What is a good way to manage keys in a key-value store?

Question

The generally accepted convention in the Redis world is option 1 - i.e. namespaces separated by a character such as colon. That said, the namespaces are almost always one level deep. For example : person:12321 instead of human_resources:person:12321.

How does this work with the 4 guidelines you set?

Shardable - This approach is shardable. Each key can get into a different shard or same shard depending on how you set it up.

Namespaced Namespace as a way to avoid collisions works with this approach. However, namespaces as a way to group keys doesn't work out. In general, using keys as a way to group data is a bad idea. For example, what if the person moves from department to another? If you change the key, you will have to update all references - and that gets tricky.

Its best to ensure the key never changes for an object. Grouping can then be handled externally by creating a separate index.

For example, lets say you want to group people by department, by salary range, by location. Here's how you'd do it -

Individual people go in separate hash with keys persons:12321
Create a set for each group by - For example : persons_by:department - and only store the numeric identifiers for each person in this set.
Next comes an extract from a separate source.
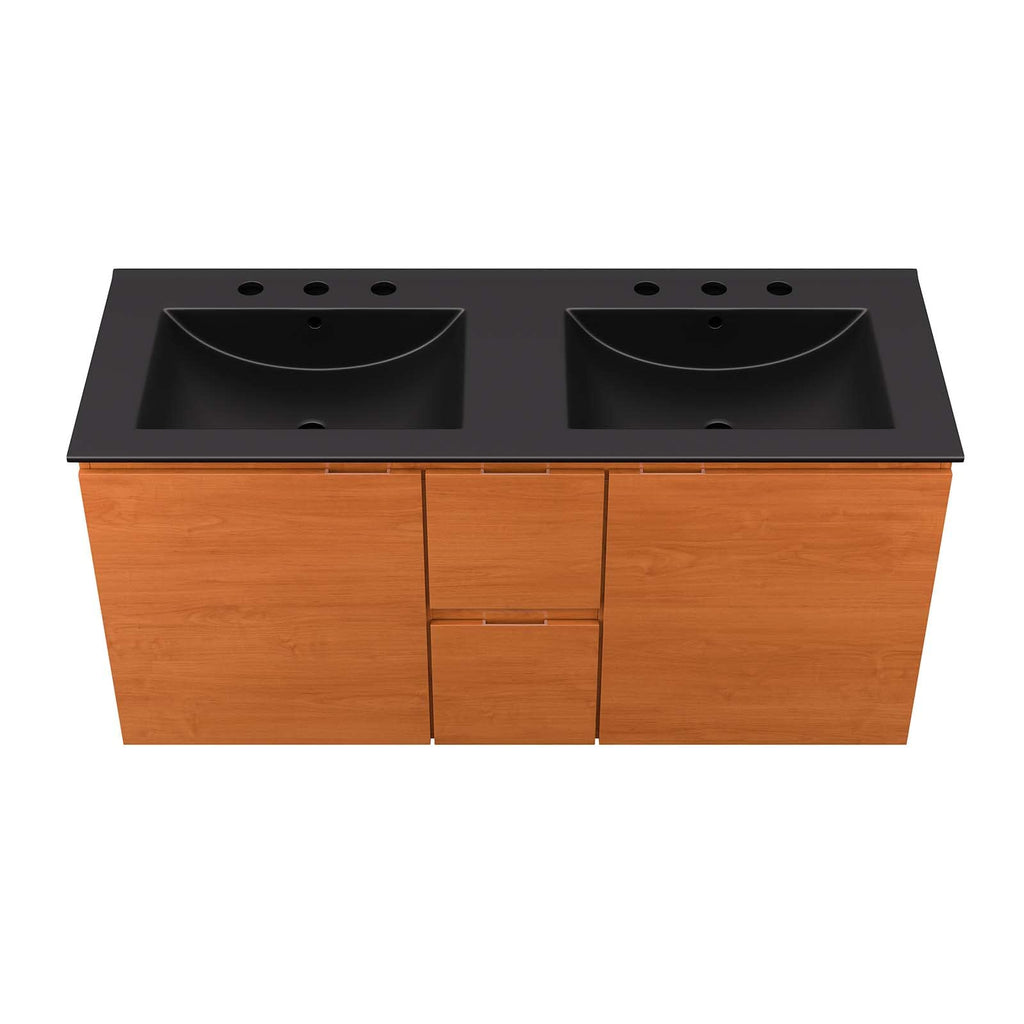 Modway EEI-5815-CHE-BLK Scenic 48" Double Wall-Mount Bathroom Vanity, Cherry Black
For example [12321, 43432]. This way, you get the advantages of Redis' Integer Set

Efficient The method explained above is pretty efficient memory wise. To save some more memory, you can compress the keys further on the application side. For example, you can store p:12321 instead of persons:12321. You should do this only if you have determined via profiling that you need such memory savings. In general, it isn't worth the cost.

Collision Free This depends on your application. Each User or Person should have a primary key that never changes. Use this in your Redis key, and you won't have collisions.

You mentioned two problems with this approach, and I will try to address them

What if the id has a colon?

It is of course possible, but your application's design should prevent it. Its best not to allow special characters in identifiers - because they will be used across multiple systems. For example, the identifier will very likely be a part of the URL, and colon is a reserved character even for urls.

If you really must allow special characters in your identifier, you would have to write a small wrapper in your code that encodes the special characters. URL encoding is perfectly capable of handling this.

Size Efficiency

There is a cost to long keys, however it isn't too much. In general, you should worry about the data size of your values rather than the keys. If you think keys are consuming too much memory, profile the database using a tool like redis-rdb-tools.

If you do determine that key size is a problem and want to save the memory, you can write a small wrapper that rewrites the keys using an alias.